Life is not impersonal. It is not meaningless. It is amazingly, extraordinarily, extravagantly magnificent. And each of us. Each living thing has it wholly in our own hands from the moment we are born until the moment we lay down our little clay suits and move on to the next glorious adventure. We have forgotten that without the magnificent gerbil, the wheel is irrelevant.  When we become salves to the wheel that cannot because of its very nature encompass all of the extraordinary ordinariness of our own simple selves we have lost sight of the original gift of the wheel. 

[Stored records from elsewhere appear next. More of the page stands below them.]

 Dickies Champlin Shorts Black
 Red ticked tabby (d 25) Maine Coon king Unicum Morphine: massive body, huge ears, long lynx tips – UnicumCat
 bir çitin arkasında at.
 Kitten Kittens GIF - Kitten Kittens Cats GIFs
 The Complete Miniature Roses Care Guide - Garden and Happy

How do we teach ourselves and thus each other that we already own and in fact embody a tremendous vast incalculable opportunity and competency that is so singularly amazing that there is only one of each of us ever created? How is it that the tools that were created to sharpen our wit, dulled our sense of awareness? Why is it that when I was sent to school and driven to church that the very essence of my own value, my own extraordinary capability was denied, discounted, eliminated from the equation of a successful me as if it was never a divine gift of life fully delivered the moment I was born?

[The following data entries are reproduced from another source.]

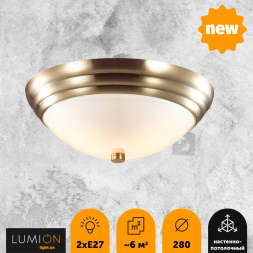 Настенно-потолочный светильник Lumion Vintage 5262/2C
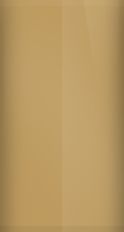 Mitsubishi Carmel Beige Pearl S57 Touch Up Paint swatch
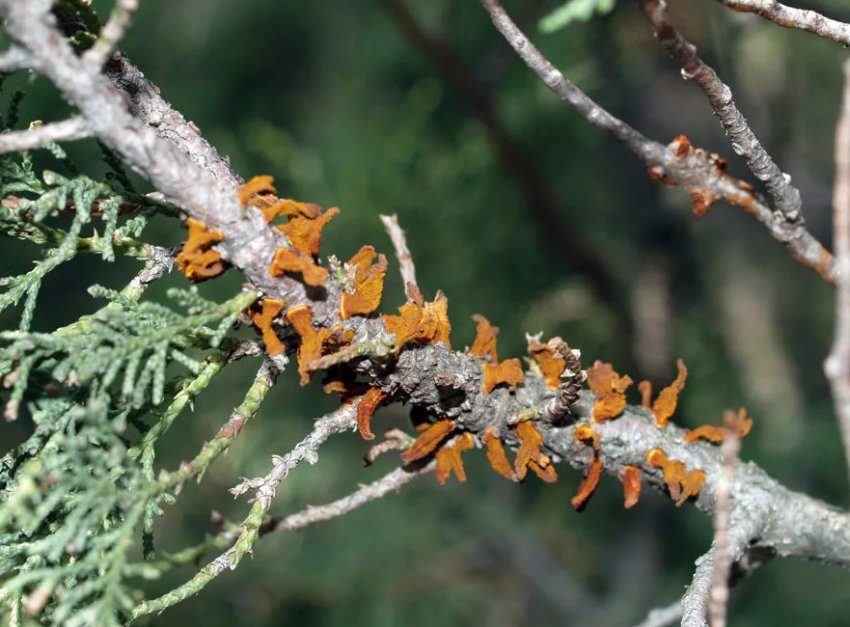 Іржа на можжевельнику Іржа на можжевельнику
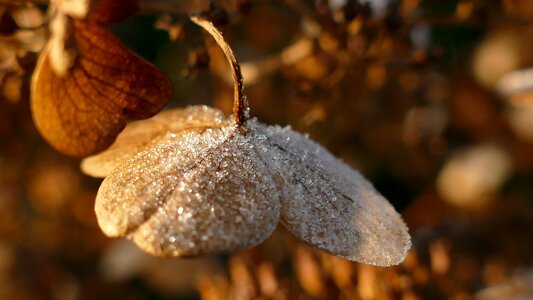 Crystals hydrangea flower cold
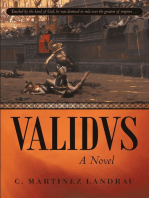 Validvs: A Novel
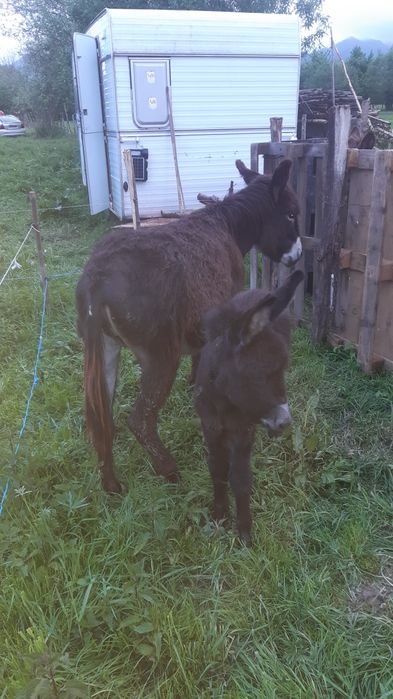 Lapte de măgăriță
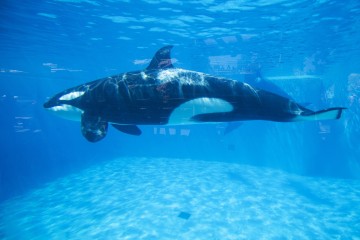Bereaved Mother Orca Finally Drops Calf after Carrying Corpse for Unprecedented 17 Days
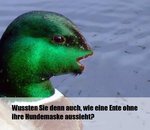 hornoxecompicdump16949.jpg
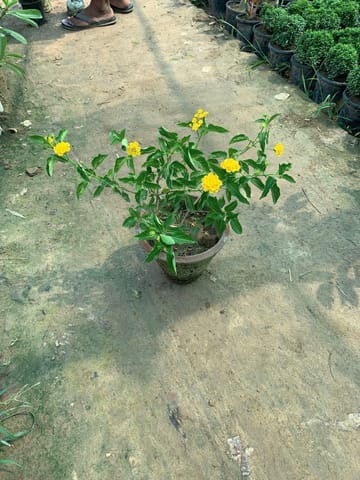 Lantana Yellow in 8 Inch Nursary pot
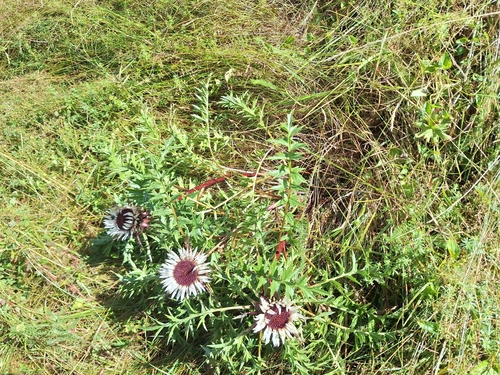 Silver Thistle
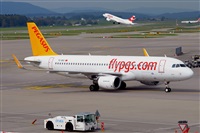 Miguel A. gueda Rguez.  (CANARY ISLANDS SPOTTING). Click to see full size photo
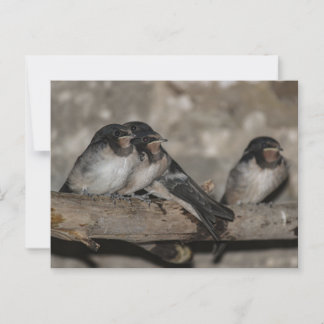 Swallow fledglings roosting on a branch postcard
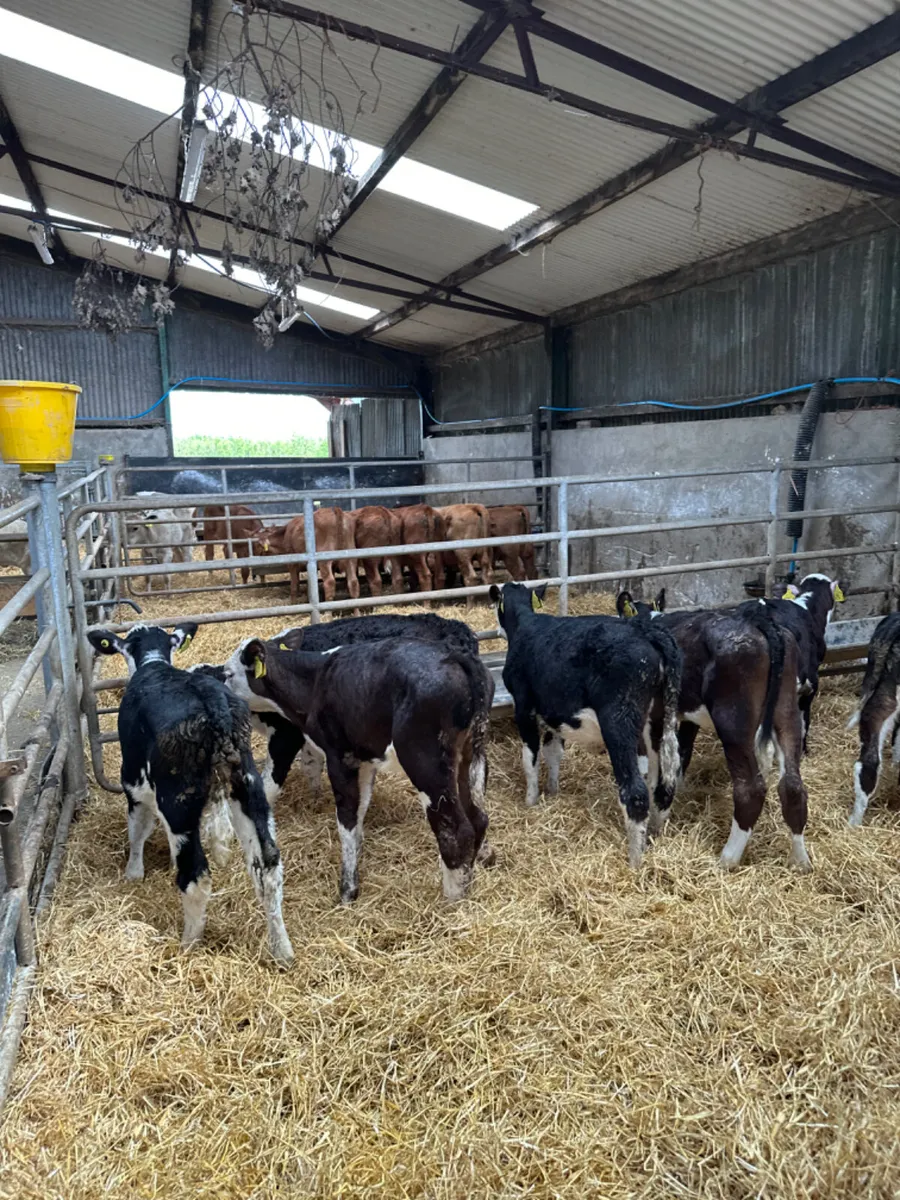 Hereford heifers - Image 4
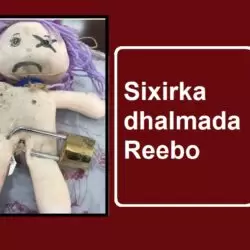 Sixirka dhalmada Reebo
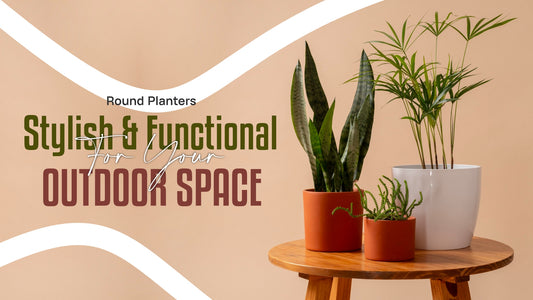 Round Planters: A Stylish and Functional Addition to Your Outdoor Space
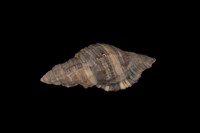 藏品(毛法螺)的圖片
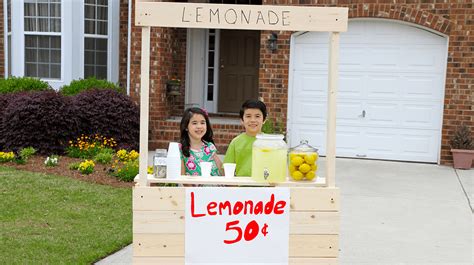 Lemonade Inc. Customer Service: Helping You Make the Most of Your Lemonade Stand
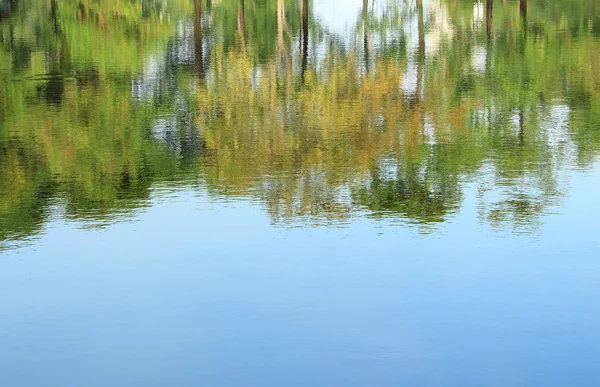 Hullámzó vízfelületen tükröződő fák — Stock Fotó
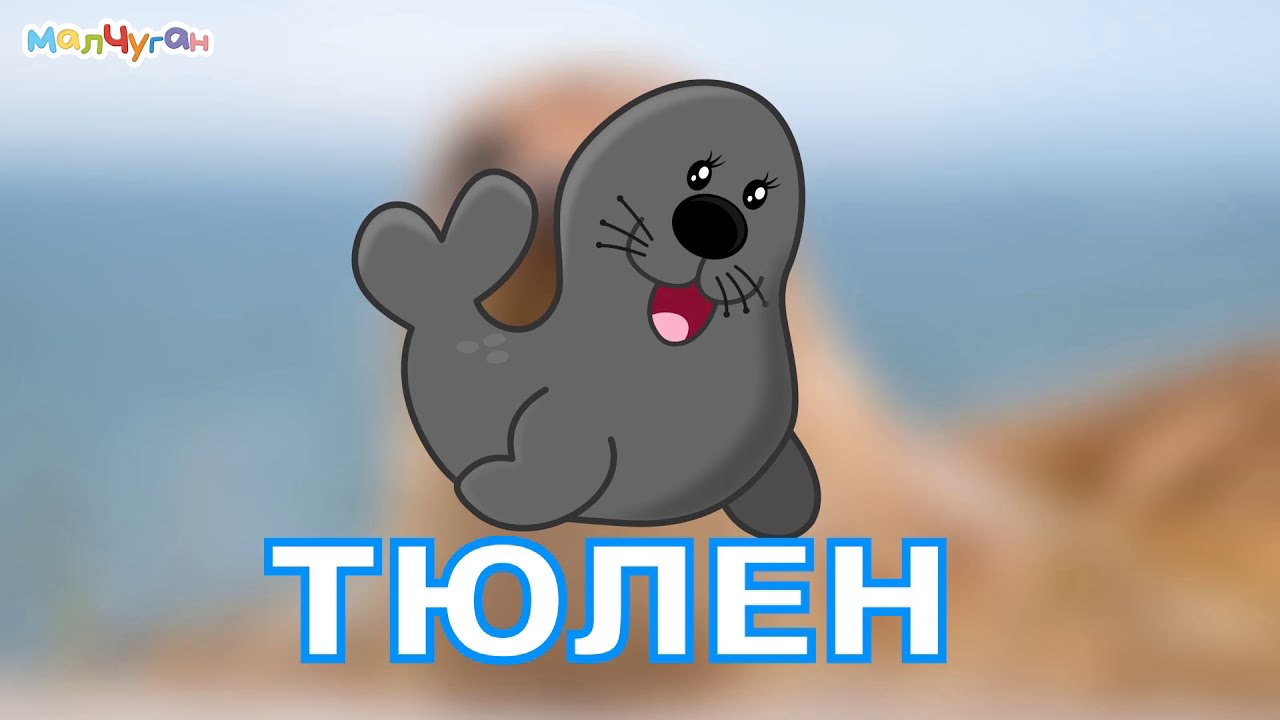 МОРСКИ ЖИВОТНИ 🦀🐟🐬| Образователно видео за деца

Rather than receive me as the overflowing well that I am, I was taught, brainwashed into thinking that without the permission of that which is without I was less than the meanest thing, even to the point of non existence. I am not the only one who was taught and has used the mirror to destroy myself before it ever occurred to me to see in that mirror looking back at me the infinite capacity that I AM. When education, or persuasion of any kind depends on the premise that without its’ approval, without its’ mastery I am less it is a false teacher. 

Any skill, any discipline, any idea pursued to its infinite application is in fact itself dependent on the presence of the student. Without the student there is no discipline. The student brings to the practice the infinite possibility of learning, adaptation, assimilation, incredulity, curiosity, resilience, application, repetition, opposition, and eventually the ability to discard and move beyond the static realm of the classroom.  Between the small number of practical and personal extraordinary gifts that each student brings to any class, practice, or study of any form of applied learning are the infinite nuances that each student carries within him or herself. Each of us has the seed of infinite possibility bursting open deep inside of us, and reaching and growing towards the light of our own experience in a way that no master will ever experience or have the pleasure of its extraordinary essence of life. 

How do I teach myself? How do I teach all of us to turn the mirror around and instead of seeing what is lacking through some small thimble of controlled negative dialogue, teach myself and others to see what it is, who it is that I bring to the equation just be being present. Just by showing up. Hmm? How do we accomplish this extraordinary reversal of fortune and restore ourselves to our own lives?

Personally for me it is all right here in the Kung Fu Panda. Thank you very much DreamWorks Animation. I just have to believe that I already have the eyes to see it, that I already have the ability to be whatever it is that I see or understand. Then I simply have to get up and get on with it. With me.  No need to be God, or have a degree, or be able to write a masterpiece, do 183 asanas perfectly, or even go on a successful blind date. I just have to get up and be me. Every moment of every day trusting that I am already capable of finding my Way, enjoying what I choose to take on as a discipline or discard as not my cup of tea; as long as I do not leave me behind as I make my way through my own day, my own present presence I will be more than ok. I will be more than enough. I will be, I am my own dragon warrior.